Decolonize Black History Month

Day 01: Drusilla Dunjee Houston

In 1926, Harpers Ferry-born Drusilla Dunjee Houston published Wonderful Ethiopians of the Ancient Cushite Empire Book 1: Nations of the Cushite Empire, marvelous Facts from Authentic Records. Houston's work, and its sequel, shared her historical findings of the ancient African civilization. Research highlighting Africa's past was rare at this time and Houston's texts have been a continuous influence on succeeding historians.

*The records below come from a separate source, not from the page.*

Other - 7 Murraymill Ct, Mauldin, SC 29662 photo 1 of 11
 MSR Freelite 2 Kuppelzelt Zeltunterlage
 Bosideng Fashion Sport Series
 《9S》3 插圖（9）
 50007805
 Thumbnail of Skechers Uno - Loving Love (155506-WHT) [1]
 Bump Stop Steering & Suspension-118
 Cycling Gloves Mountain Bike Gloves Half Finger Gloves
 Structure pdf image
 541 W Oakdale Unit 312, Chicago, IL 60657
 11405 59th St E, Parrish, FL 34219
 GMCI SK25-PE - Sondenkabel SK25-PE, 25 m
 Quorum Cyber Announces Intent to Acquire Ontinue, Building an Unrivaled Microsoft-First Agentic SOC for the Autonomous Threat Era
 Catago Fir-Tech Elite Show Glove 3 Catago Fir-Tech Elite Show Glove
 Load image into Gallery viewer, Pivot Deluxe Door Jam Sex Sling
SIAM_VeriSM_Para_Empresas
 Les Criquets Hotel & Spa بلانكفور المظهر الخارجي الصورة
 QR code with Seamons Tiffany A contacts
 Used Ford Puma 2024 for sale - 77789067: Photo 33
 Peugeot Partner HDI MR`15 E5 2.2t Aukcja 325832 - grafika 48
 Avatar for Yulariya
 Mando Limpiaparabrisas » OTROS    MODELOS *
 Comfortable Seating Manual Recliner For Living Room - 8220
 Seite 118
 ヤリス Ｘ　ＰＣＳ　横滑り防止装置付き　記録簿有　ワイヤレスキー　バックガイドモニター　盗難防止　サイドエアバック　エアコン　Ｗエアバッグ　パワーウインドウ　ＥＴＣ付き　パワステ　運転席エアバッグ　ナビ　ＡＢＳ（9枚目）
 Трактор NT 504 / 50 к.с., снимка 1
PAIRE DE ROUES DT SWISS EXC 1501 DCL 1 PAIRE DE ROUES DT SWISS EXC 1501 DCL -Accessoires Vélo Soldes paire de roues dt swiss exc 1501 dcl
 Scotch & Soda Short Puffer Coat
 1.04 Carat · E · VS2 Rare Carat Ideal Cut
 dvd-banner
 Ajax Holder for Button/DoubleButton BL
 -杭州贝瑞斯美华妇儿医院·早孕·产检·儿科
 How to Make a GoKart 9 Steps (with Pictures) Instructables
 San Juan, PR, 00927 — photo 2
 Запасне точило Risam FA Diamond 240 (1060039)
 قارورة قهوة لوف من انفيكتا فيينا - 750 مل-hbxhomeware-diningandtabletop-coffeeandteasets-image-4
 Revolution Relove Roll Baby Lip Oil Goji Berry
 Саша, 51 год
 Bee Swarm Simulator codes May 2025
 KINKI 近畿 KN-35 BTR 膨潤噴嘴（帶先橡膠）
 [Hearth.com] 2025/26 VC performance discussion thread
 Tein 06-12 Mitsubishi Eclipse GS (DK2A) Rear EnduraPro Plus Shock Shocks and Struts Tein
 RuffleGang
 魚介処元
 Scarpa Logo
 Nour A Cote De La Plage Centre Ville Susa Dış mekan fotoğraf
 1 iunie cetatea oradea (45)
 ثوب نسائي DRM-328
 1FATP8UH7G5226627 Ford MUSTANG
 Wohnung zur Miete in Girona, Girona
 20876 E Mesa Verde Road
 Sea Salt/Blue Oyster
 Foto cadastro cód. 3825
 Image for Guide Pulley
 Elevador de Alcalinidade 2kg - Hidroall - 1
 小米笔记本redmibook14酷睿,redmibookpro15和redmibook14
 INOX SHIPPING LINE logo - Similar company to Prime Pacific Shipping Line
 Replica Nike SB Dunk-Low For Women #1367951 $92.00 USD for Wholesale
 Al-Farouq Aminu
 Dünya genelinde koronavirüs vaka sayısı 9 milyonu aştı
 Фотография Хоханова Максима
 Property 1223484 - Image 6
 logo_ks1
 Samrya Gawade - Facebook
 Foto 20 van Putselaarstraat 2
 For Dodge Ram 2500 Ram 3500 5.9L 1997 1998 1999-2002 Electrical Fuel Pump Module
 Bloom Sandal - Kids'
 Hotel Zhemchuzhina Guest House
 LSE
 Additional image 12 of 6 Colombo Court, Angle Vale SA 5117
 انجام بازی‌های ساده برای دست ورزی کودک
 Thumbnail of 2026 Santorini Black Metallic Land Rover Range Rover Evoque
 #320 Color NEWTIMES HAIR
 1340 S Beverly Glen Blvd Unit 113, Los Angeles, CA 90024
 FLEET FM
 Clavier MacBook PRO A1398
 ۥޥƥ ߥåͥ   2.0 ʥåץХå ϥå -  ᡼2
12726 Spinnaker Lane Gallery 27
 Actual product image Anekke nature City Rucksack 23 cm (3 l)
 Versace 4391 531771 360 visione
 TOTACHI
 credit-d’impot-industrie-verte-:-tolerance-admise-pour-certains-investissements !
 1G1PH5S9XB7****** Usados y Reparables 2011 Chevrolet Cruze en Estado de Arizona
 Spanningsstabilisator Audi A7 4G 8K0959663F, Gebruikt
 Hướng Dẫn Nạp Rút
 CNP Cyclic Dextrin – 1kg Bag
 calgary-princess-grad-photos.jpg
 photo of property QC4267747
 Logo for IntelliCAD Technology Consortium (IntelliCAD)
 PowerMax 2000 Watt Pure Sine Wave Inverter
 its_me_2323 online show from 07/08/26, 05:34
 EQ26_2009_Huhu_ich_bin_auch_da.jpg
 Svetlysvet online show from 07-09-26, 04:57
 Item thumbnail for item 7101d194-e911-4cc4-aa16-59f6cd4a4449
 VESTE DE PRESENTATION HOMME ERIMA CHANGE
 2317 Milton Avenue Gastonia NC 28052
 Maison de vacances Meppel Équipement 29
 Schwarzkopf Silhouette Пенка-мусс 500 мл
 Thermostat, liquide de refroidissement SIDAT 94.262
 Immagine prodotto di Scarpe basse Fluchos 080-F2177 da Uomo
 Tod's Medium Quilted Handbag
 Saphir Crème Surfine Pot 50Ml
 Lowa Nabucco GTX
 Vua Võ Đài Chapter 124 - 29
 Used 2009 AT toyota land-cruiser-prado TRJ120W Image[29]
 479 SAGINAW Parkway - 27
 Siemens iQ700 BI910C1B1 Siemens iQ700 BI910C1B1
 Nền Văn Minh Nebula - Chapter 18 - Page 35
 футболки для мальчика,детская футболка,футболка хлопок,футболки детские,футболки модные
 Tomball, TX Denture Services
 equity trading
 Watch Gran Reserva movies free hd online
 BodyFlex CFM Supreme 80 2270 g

Houston was born on January 20, 1876 into a Baptist missionary family. She was one of ten children. In addition to being a historian, she was a playwright, a poet, editor of a newspaper, a pianist, and a religious director. Houston founded McAlester Seminary for Girls, as well as the Oklahoma Vocational Institute for Fine Arts and Crafts. She also helped to establish the Dogen Reading Room and the Oklahoma chapters of the YWCA, the NAACP and the Red Cross. Though she was undoubtedly an intellectual, Houston never received formal higher education.
When manhood is shackled, into its place
Nature oft forces a courageous race
Of women, who with heroic spirit,
Stamp within unborn children the merit
Denied their fathers. For what man’s disdain
Keeps from one generation, the next will gain.
from America's Uncrowned Queens, 1917.